The city structure that I decided to model was an alien colony on Mars. Each colony has a glass dome surrounding it. Inside, the center has a platform with increasingly smaller platforms connected outwards to the bounds of the crater the colony is housed inside.
https://ishanranade.github.io/homework-5-shape-grammar-city-IshanRanade/
There are a number of rules to the grammar that create the intricate internal structure:
The first set of rules are to divide up the colony into Unit sections, within which the buildings will be placed:
- First place a single Unit node at the center of the colony.
- If you encounter a Unit node, send out an x amount of test vectors in random directions (based on a noise funcction), to test the next possible location of a Unit.
- If the next location is valid, e.g. does not intersect another Unit, then place the Unit.
- Create a Road between these two Units.
- Recursively continue this process for a max iteration number of times, reducing the radius of each Unit for each recursive call.
- If you encounter a Road node, modify its color to represent its total walking distance from the center of the colony.
The next set of rules are for the construction of the buildings within each Unit. This works similar to an L-System by pushing new nodes into a queue, popping them off, checking their type, then following the appropriate rules based on this type:
- Place a Base node at the center of the unit.
- If we pull of a Base node, there are three options. Either we create a second floor above this Base with a chance based on a noise function and the radius of the Unit, or we can create a walkway that connect to another unit on the same floor level, or we do nothing. If we do end up creating a new Base node, then we also modify its rotation.
- If we encounter a Walkway, then we have a chance of creating a Rover node. These Rovers are like little alien spaceships. The spaceship is placed in a location very high above this Walkway, to make them appear like they are flying in the sky area of the colony.
- If we encounter a Tank node, then we place the tank at the top of its parent Base Node. This is supposed to make the appearance of alien skyscrapers.
- If we choose to create a higher level floor, we do so based on the coordinates of the parent node, and place a Base node with the appropate translation above.
- If we pull of a Base node, check its current level with respect to the parent node. If the level is too high do not allow it to create another floor, to limit the size of buildings.
Each Unit decreases in size as they are created recursively from the center Unit. The sizes of the generated buildings also decrease as the Unit radius decreases. This is meant to represent less populated areas, as well as possibly smaller alien species living in these sections of the Colony. Within each Unit circular platform, the buildings will appear to move off the bounds of the platform because only the first level of the building is physically connected to the platform. The other levels are free to move around in a random order to create a floating city shape.

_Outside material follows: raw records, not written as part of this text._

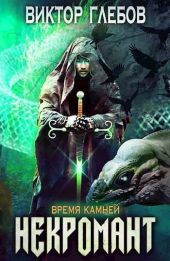 Время камней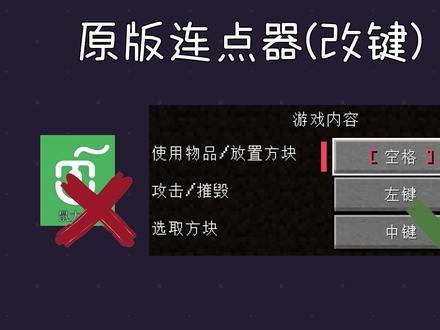 基于改键的原版连点器《每日小技巧》EP28#我的世界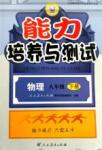 2015年能力培養(yǎng)與測試八年級物理下冊人教版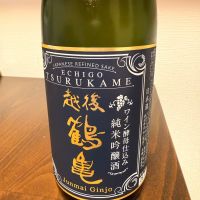 越後鶴亀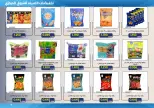 Mishref co-op offers from 15 to 31 July 2026 Central Market Summer Sale - Mishref co-op - Kuwait - 15 July 2026 – 31 July 2026 - Page 9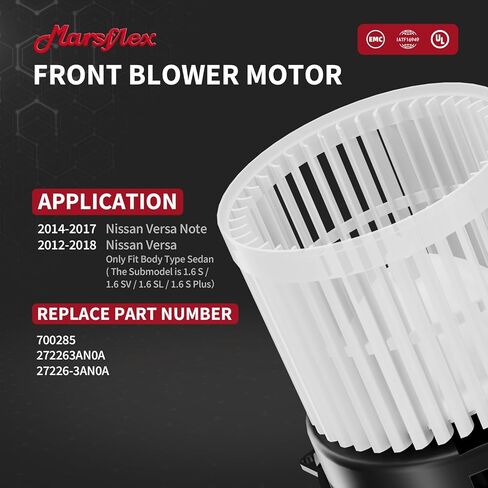 Marsflex الجبهة منفاخ المحرك 700285 ل 2012-2018 نيسان فيرسا 2013 2014 2015 2016 2017 فيرسا ملاحظة استبدال السيارات منفاخ مروحة المحرك OE: 27226-3AN0A 272263AN0A in Kuwait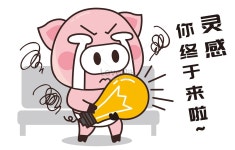 돼지 통통 만화 이미지 배열 일러스트 무료 다운로드 - Lovepik 돼지 통통 만화 이미지 배열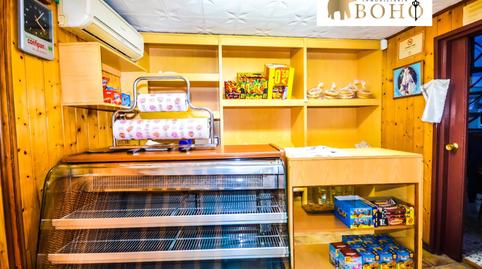 Photo 3 of Premises for sale in Calle C/ la Paz, 19, Gádor, Almería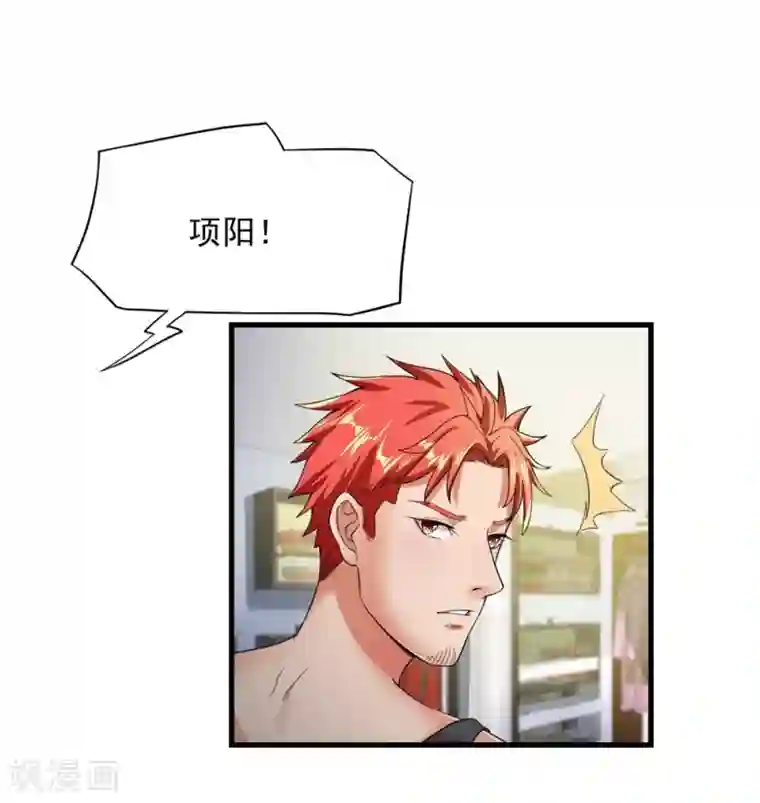 巅峰强少第17话 臭虫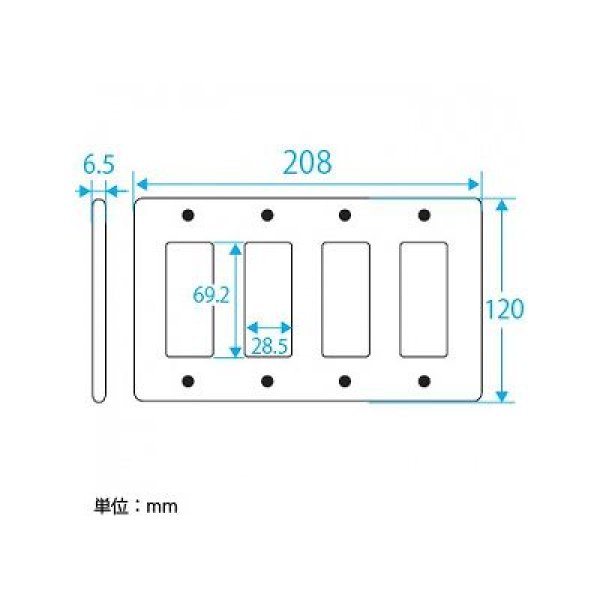 画像2: パナソニック WN7512 新金属プレート 12コ用 (2)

The colors of each type of geometry linearly interpolate from one color to another within a colony based on its recursive distance from the center Unit node. For example, a Base node will lerp from blue to red, and you will see that in the center section of the largest colony the bases are blue, and in the smaller units to the sides of the colony the bases are red.
The colors also change based on the size of Colony. In the world, there are a number of colonies spread out with varying radiuses. The noise functions that determine the color are dependent on the radius, so the colors assigned also change as the radius of the entire colony decreases.
There are also Spaceship nodes as described above that are generated as part of the shape grammar. I chose to have these nodes be generated in the sky relative to their parent Walkway nodes to make it look like a busy city. These spaceships move around in a circular pattern with an offset to the speed of their movement and the distance of their movement based on a noise function with their id as an input. If you zoom out a bit and look at a Colony as a whole, you will see all the spaceships spinning and rotating around to give the appearance of a busy alien city. The colors of the spaceships range between white and black as I felt these were the easiest colors to see with the background.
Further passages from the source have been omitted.